Items listed in a dataset
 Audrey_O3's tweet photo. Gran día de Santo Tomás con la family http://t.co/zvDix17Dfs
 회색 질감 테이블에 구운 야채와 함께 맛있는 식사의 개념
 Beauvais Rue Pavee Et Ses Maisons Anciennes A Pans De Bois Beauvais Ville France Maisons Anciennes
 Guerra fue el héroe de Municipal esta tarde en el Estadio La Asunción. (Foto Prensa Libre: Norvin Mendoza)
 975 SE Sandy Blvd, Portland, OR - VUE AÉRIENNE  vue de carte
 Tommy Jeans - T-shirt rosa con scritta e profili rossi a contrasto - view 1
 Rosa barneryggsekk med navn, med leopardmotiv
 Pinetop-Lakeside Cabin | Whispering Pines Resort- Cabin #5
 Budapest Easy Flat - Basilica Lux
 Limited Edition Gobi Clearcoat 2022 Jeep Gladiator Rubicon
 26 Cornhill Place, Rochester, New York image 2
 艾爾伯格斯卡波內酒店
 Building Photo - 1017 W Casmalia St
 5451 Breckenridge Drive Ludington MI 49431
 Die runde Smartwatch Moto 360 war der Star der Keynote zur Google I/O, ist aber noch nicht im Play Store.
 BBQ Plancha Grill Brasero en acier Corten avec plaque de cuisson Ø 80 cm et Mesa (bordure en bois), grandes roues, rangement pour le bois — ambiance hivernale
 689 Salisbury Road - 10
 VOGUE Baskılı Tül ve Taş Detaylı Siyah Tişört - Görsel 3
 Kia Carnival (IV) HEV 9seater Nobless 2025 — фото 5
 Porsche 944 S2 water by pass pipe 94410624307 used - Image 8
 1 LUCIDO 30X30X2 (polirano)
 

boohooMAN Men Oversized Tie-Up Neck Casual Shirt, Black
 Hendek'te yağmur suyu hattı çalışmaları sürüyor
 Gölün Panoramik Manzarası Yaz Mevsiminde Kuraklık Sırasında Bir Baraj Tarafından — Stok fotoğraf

■ ABOUT THIS EXERCISE: Look above for the line that contains "Limited Edition Gobi". Starting there, transcribe every line exactly until you have copied the line that contains "Hendek'te yağmur suyu".

■ OUTPUT FOR THIS EXERCISE:
 Limited Edition Gobi Clearcoat 2022 Jeep Gladiator Rubicon
 26 Cornhill Place, Rochester, New York image 2
 艾爾伯格斯卡波內酒店
 Building Photo - 1017 W Casmalia St
 5451 Breckenridge Drive Ludington MI 49431
 Die runde Smartwatch Moto 360 war der Star der Keynote zur Google I/O, ist aber noch nicht im Play Store.
 BBQ Plancha Grill Brasero en acier Corten avec plaque de cuisson Ø 80 cm et Mesa (bordure en bois), grandes roues, rangement pour le bois — ambiance hivernale
 689 Salisbury Road - 10
 VOGUE Baskılı Tül ve Taş Detaylı Siyah Tişört - Görsel 3
 Kia Carnival (IV) HEV 9seater Nobless 2025 — фото 5
 Porsche 944 S2 water by pass pipe 94410624307 used - Image 8
 1 LUCIDO 30X30X2 (polirano)
 

boohooMAN Men Oversized Tie-Up Neck Casual Shirt, Black
 Hendek'te yağmur suyu hattı çalışmaları sürüyor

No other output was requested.